We can continue with the pyramid game to challenge Maslov’s hierarchy of needs pyramid but a more pressing zombie myth is that pupils have a certain learning style. Although learning styles on the face of it might appear intuitive as we are better at certain ways of learning than others, it does not mean it is a predetermined fixed personalised learning method. Further there is no evidence to support it. To make matters worse, it does the opposite of supporting pupil learning. Instead, it can introduce excuses to pupil underperformance subsequently impeding on a pupil’s long term potential. Yet, it still common to hear of teacher training courses expecting lesson plans to include visual, auditory and kinaesthetic learning opportunities for pupils. Only recently it crept back into my school. I only discovered the intruder when a lesson plan (not required) was handed to me before a lesson observation. The plan not only comprised of learning style activities under the labels (VAK) but also included must, could, should statements and personal learning skills (PeLTS). It was quickly eliminated.

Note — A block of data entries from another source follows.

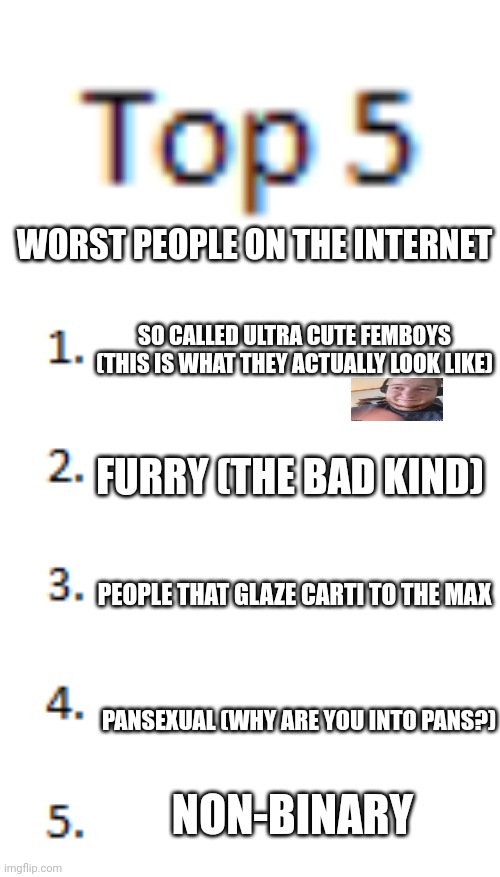 Top 5 List | WORST PEOPLE ON THE INTERNET; SO CALLED ULTRA CUTE FEMBOYS (THIS IS WHAT THEY ACTUALLY LOOK LIKE); FURRY (THE BAD KIND); PEOPLE THAT GLAZE CARTI TO THE MAX; PANSEXUAL (WHY ARE YOU INTO PANS?); NON-BINARY | image tagged in top 5 list | made w/ Imgflip meme maker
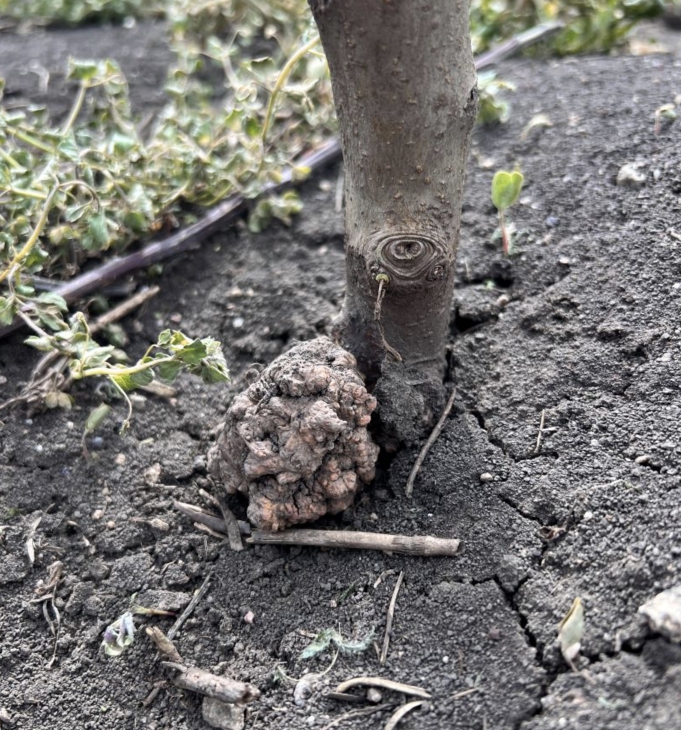 Meyvə bitkilərinin kök xərçəngi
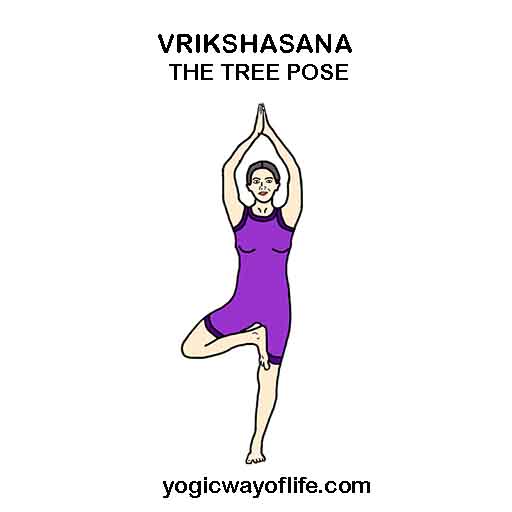 VRIKSHASANA - The Tree Pose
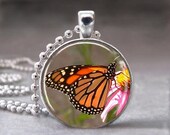 Photo Pendant, Art Pendant, Glass Dome Pendant, Monarch Butterfly Insect, no 999-29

There are many other examples of pedagogical Zombie practices that are slowing down progress in the classroom. These not only have zero to some cases negative impact for pupils, but the actual strain on teachers has recently been reported. Fanatical beliefs about marking and feedback leading to triple marking, extensive written feedback, yellow box marking, DIRT and Mad Time policies are draining the life out of staff. High intensity, low impact strategies shackle creativity and cage common sense. Yet, there are still schools who believe that engagement always leads to learning, pupil progress is visible in one lesson and that the some pupils are right brain and others are left. Which is somewhat concerning is that it continues despite the fact science has debunked many of those myths and is opening new doors to how we learn.
Old and new science findings have begun to surface, shedding light on the walking dead. These new thrillers are starting to fight back and planting firm roots in our planning. Zombie hunters are gaining traction with a growing number of teachers and schools unplugging from zombie views and beginning to realise that learning is not always about being glamourous but pragmatic and more complex than previously considered. The belief system that only fun, spoon-feeding over differentiated lessons is starting to dry up with debates taking place on the importance of concrete knowledge, the design of curriculum planning with space learning techniques, the testing effect and cognitive load theory.
Nonetheless, there needs to be some caution when using new and old concepts. Ideas can quickly be wrongly interpreted and manipulated to become zombie pedagogy. Something similar happened with assessment for learning which quickly turned from a useful tool that needed careful planning to a commercialised over-branded “cure-all juggernaut” that led to the writing of every lesson objective, checking progress every five minutes and over emphasis on the pace of learning. More work is needed between the researchers and teachers to control the zombie feeding ground of sensationalism and virtue signalling so that we can having a lighted path free from pedagogical zombies to support the learning and progress of all pupils.